Fotografía obra de Juan Mattey. Fuente original Flickr
No recuerdo
qué edad tendría en esa época, intuyo que debían ser diecisiete, dieciocho o
diecinueve debido a la forma descontrolada en la que me enamoraba; solo en esos
años se sufre con cierta exageración los procesos de querer a una persona y
todo se confunde con amor verdadero, luego pasa el tiempo, vienen las rupturas,
los abandonos, y entiendes que las eternidades juradas durarían muy poco.
En esa etapa
yo gozaba de un privilegio que los jóvenes siempre desean: hacer aquello que realmente se disfruta. No estudiaba ni trabajaba, era libre
para ser un vago feliz. Me dedicaba a escribir, pintar acuarelas y editar
fanzimeles que luego eran publicados en páginas de internet tan independientes
que probablemente solo eran leídas por sus administradores.
Pero no me
consideraba ni un artista ni un intelectual, más bien era un desastre que buscaba
afuera la decadencia que llevaba adentro. Iba a fiestas muy latinoamericanas y
muy venezolanas de la clase media alta de Puerto Ordaz en las que bebía ron con
coca cola (si teníamos suerte y había coca cola, si no, pues ron solo), bailaba
reggaetón en garajes oscuros y conocía gente que también buscaba acompañar su soledad.
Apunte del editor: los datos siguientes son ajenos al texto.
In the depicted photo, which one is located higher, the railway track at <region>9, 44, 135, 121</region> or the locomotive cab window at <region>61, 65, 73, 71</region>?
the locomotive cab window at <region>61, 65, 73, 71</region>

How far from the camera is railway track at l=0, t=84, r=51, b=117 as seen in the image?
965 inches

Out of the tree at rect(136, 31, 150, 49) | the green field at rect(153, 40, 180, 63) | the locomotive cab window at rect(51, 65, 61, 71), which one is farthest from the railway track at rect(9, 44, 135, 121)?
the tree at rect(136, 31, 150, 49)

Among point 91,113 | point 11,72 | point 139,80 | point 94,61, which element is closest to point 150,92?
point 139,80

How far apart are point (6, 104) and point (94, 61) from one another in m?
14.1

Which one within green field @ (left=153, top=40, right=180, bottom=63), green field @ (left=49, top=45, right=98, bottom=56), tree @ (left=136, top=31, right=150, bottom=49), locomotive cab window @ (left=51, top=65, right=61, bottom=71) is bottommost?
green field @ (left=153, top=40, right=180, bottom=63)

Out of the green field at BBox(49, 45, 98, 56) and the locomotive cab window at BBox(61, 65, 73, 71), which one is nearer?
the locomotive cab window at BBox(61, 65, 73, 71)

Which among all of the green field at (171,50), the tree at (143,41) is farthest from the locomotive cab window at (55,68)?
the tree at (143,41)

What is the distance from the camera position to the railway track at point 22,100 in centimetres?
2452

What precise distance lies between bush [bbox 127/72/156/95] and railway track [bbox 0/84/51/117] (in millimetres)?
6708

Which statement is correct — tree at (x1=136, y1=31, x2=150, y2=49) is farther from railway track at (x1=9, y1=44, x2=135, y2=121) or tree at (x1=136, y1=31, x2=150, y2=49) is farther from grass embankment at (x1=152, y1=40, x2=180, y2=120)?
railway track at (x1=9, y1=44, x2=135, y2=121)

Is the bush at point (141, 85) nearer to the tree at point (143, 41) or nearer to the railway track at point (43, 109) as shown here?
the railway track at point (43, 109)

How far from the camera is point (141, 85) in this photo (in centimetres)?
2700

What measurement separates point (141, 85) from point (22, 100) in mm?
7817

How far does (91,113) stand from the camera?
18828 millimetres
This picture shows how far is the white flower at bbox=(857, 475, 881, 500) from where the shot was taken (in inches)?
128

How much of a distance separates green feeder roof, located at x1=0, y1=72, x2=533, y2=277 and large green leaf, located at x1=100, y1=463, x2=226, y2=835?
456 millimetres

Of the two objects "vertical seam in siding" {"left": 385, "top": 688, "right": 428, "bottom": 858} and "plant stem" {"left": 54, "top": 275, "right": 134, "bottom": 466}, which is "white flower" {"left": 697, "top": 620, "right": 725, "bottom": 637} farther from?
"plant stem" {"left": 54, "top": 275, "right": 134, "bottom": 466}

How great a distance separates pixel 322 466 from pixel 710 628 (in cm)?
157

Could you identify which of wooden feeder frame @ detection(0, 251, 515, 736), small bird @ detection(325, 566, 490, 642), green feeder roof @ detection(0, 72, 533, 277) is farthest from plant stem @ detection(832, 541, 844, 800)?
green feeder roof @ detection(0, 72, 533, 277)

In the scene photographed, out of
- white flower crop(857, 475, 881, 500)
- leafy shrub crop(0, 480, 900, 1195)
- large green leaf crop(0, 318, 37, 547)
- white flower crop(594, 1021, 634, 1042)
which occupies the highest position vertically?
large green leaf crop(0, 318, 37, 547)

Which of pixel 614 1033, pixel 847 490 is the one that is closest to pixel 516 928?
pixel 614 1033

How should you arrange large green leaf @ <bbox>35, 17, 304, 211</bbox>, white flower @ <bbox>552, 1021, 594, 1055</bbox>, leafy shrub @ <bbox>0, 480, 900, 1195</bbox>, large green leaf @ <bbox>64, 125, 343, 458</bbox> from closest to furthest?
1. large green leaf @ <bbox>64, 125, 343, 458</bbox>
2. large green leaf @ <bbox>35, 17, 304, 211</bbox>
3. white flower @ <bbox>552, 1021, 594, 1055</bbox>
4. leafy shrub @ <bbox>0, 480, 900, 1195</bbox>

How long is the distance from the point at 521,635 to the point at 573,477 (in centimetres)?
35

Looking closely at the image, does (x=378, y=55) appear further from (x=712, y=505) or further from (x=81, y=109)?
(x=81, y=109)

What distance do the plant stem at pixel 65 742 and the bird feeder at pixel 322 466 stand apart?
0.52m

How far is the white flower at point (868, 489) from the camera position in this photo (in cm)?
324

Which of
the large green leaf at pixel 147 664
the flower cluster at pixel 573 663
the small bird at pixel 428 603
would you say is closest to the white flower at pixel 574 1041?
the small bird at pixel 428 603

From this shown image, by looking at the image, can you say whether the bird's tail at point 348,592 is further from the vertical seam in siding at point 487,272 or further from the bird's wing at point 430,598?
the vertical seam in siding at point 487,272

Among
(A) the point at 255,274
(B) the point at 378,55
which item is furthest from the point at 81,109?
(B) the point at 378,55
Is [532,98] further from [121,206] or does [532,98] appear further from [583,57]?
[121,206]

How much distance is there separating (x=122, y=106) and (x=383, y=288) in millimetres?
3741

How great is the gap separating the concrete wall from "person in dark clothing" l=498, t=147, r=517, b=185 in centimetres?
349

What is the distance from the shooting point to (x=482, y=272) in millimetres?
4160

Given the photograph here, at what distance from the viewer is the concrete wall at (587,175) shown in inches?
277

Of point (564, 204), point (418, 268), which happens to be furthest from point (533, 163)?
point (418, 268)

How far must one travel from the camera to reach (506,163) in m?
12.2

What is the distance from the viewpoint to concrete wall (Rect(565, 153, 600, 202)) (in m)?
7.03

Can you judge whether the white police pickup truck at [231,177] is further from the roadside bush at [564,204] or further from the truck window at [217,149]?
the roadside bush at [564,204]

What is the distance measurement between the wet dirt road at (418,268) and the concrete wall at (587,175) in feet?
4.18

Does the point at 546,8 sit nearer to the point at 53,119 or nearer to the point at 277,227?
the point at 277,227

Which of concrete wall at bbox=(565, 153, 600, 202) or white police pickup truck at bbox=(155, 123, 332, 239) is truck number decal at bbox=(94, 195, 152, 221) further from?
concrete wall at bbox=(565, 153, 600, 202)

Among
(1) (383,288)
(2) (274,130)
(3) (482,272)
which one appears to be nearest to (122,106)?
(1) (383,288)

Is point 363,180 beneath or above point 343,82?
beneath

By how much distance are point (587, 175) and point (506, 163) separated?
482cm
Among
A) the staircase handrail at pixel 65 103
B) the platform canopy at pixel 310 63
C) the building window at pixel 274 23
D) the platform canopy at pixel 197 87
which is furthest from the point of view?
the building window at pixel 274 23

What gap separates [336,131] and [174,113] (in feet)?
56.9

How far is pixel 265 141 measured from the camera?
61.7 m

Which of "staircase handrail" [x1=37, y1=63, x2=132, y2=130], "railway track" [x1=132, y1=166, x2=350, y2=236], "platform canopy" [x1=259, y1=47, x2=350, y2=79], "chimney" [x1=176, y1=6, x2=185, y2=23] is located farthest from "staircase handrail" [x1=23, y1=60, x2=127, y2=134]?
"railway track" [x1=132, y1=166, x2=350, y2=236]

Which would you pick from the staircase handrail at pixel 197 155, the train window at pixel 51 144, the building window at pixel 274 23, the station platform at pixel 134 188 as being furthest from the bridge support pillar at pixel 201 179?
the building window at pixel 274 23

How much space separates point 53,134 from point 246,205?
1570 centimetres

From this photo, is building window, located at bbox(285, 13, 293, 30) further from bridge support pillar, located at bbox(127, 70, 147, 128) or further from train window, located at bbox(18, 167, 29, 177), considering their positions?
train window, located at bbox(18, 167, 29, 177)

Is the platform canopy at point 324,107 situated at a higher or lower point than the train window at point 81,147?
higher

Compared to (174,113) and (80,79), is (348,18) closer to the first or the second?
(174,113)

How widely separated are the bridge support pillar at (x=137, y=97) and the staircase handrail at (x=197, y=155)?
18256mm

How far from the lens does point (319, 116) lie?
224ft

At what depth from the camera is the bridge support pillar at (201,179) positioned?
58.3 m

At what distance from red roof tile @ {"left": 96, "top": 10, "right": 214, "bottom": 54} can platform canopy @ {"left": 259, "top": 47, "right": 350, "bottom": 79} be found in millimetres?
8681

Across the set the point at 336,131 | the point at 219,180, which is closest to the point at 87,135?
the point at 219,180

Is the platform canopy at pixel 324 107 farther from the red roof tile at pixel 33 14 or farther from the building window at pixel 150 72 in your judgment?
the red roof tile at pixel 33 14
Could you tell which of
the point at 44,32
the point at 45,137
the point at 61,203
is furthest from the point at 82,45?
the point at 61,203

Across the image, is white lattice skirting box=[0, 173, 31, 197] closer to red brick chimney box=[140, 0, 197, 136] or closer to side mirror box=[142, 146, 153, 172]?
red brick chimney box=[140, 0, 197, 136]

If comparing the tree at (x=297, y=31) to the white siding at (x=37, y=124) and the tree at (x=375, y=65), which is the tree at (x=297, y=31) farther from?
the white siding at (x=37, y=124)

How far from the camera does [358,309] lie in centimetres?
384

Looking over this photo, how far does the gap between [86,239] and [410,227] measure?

Así me inspiraba y sobrellevaba los días.
En una de
esas reuniones de euforia conocí a Juan Burelli quien me pidió un cigarro
al verme sacar la cajetilla y el yesquero. Como no me gusta fumar solo,
accedí y terminamos conversando. Juan no tardó en hacerme una sinopsis de su
vida: era nieto de inmigrantes italianos que llegaron al puerto de la Guaira en
la década de los 50, estudiaba Ingeniería Mecánica aunque no había podido pasar
del cuarto semestre, y era vendedor furtivo de marihuana aunque decía que aquel
era un oficio momentáneo. Me pareció bastante joven para aquello pero luego
prensé que ya en mi época la gente crecía muy rápido y todo el mundo hacía
cosas adelantadas a su edad.
Yo apenas conté
cosas sin mucho detalle, que acababa de volver de Colombia, que no me dedicaba a nada y que me gustaban los
libros de historia. Entendí que él, más que fumar, quería hablar con alguien
así que seguí regalándole cigarros aun pensando que estos estaban muy caros como para darlos a desconocidos.
La noche transcurrió
lentamente. Tanto que terminamos contándonos historias de amores pasados, de
alguna que otra fechoría infantil y tantos otros temas dispersos. Para las tres
de la mañana, ya lo consideraba un verdadero amigo por quien daría la
vida si un malandro nos viniese a robar y amenazase con dispararnos. Éramos
muy diferentes, yo buscaba refugio en mis obras ingenuas, Juan disfrutaba de
los carros con una extraña fascinación. Conocía modelos, marcas y tecnologías automovilísticas
que, como buen fanático, no tardó en exponerme. Yo ni siquiera sabía manejar,
él en cambio había tenido un Chevette del 92 a los quince años, un Ford Fiesta del 2002 a los dieciséis y un Toyota Yaris del 2008 que hacía un mes había
chocado contra un poste al manejar borracho. Me agradaba escucharlo hablar porque
muy en el fondo ya estaba cansado de las temáticas bohemias de mis amigos convencionales.
He pensado
tanto en irme, dijo de repente y yo pensé que se refería a emigrar del país como era común en esos días. Le dije que afuera había oportunidades pero
que esa no tenía que ser su única opción, que estaba bien si se quería quedar.
Esto es muy jodido, me dijo, la vida es siempre muy jodida, le respondí, pero toca vivirla. Imaginé viéndonos en tercera persona y sentí algo de lástima, éramos dos mártires buscando desahogar las penas, encontrar
quien sirviese de aliado en medio del huracán.
Juan Burelli
se fue sin despedirse y probablemente yo hubiese hecho lo mismo. Al día
siguiente la noticia de su suicidio me llegó con un viento frío en la espalda.
Eran las cuatro de la tarde cuando Pedro Ayala, el dueño de la casa en donde
había sido la fiesta, llamó para darme la noticia puesto que nos había visto
hablando la noche anterior. Esta mañana vinieron dos policías a verme, dijo
Pedro, me explicaron que encontraron el cuerpo flotando en el río Caroní, Juan
se lanzó desde el puente que conecta a Puerto Ordaz y San Félix.
Colgué la
llamada y me sentí quebrado, como si hubiese muerto un primo y no un recién
llegado. Nuestra generación está maldita, dije en voz alta pero nadie me
escuchó. La casa estaba sola, la calle estaba sola, yo estaba solo.